What Is PCB Stress Test Analysis?
PCB stress testing is the evaluation of a circuit board’s ability to withstand or endure forces or parameter strains. The objective of this testing is to determine the ranges within which the board will maintain its structural integrity and functionality. The determination of the limits of these ranges is PCB stress analysis. There are various techniques, methods, and processes to perform stress testing; however, most of these can be classified as mechanical, electrical, or thermal tests.
PCB Stress Test Types
Depending on the environment where your board will be mounted and operated, it may be subject to different types of stress. For example, PCBs that are deployed in critical systems, such as aerospace platforms, automotive vehicles, and industrial equipment, are likely to be subjected to forces from continuous or intermittent motion and vibrations. Therefore, performing vibration stress testing, as shown in the figure below, is common for boards developed for these industries.

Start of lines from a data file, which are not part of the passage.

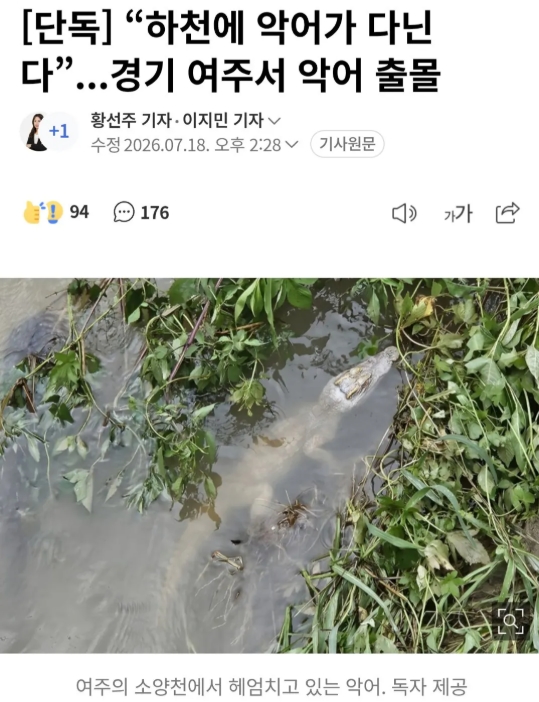 여주 하천에서 악어 발견(0)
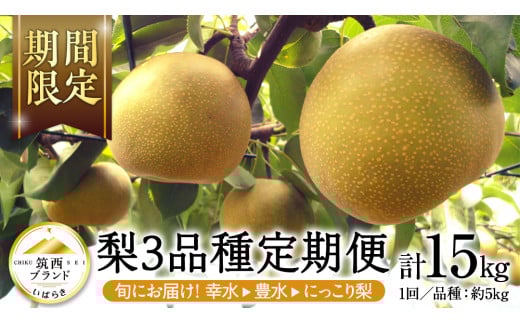 【 JA 北つくば 】 筑西ブランド 認証品 梨 3種 定期便 セット 2025年産 先行予約 果物 フルーツ なし ナシ 和梨 [AE031ci]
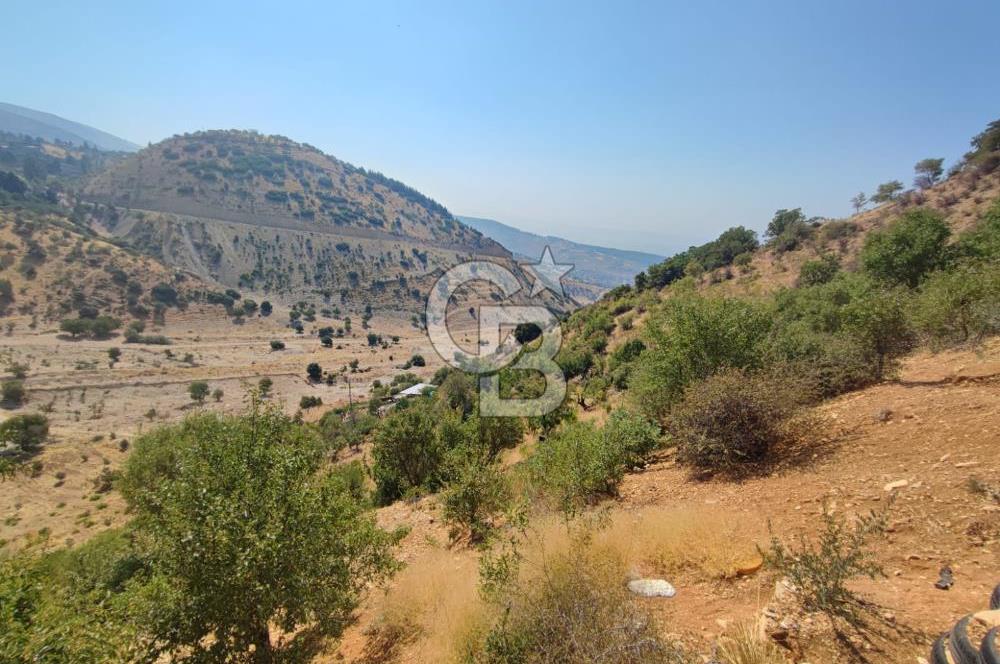 CB'DEN ŞEHİR MERKEZİNE YAKIN KANDILDA TEK TAPULU SATILIK BAĞ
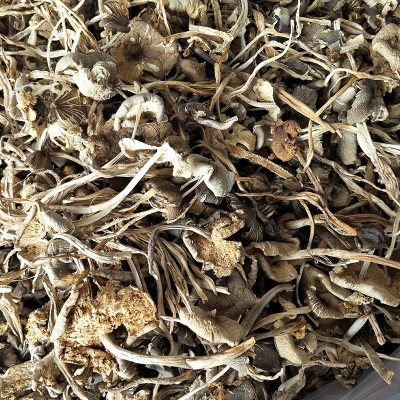云南特产鸡枞菌1000g 蘑菇菌干货散装零售批发一件代发图3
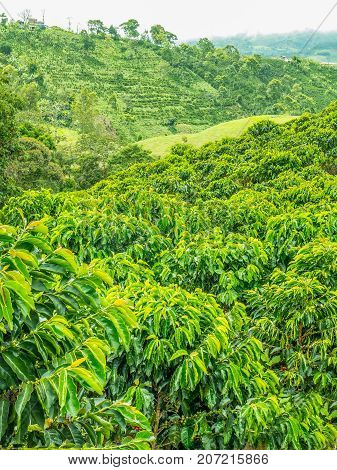 This image shows a coffee plantation in Jerico Colombia in the state of Antioquia.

Vibratory and other mechanical tests are used to determine the structural limits of a board, beyond which physical breakdown will occur. These and other PCB stress test types are listed in the table below.
PCB Stress Test Types
Structural integrity under load
Deformation, cracks, breakage
Trace and via ampacity, continuity
Shorts, burns, fire
Temperature range, number of heat-cool cycles
Delamination, bad solder joint connections
As shown in the table above, your board is susceptible to failures from mechanical, electrical, and thermal stresses, any of which can render it unusable. Therefore, neglecting to ensure that your board’s environment will not place undue stress upon it is a major PCB reliability factor that can be costly if excessive replacements or recalls are required. These undesirable outcomes can be avoided by performing stress test analysis during PCB development.
What Is PCB Reliability and Why Is It Important?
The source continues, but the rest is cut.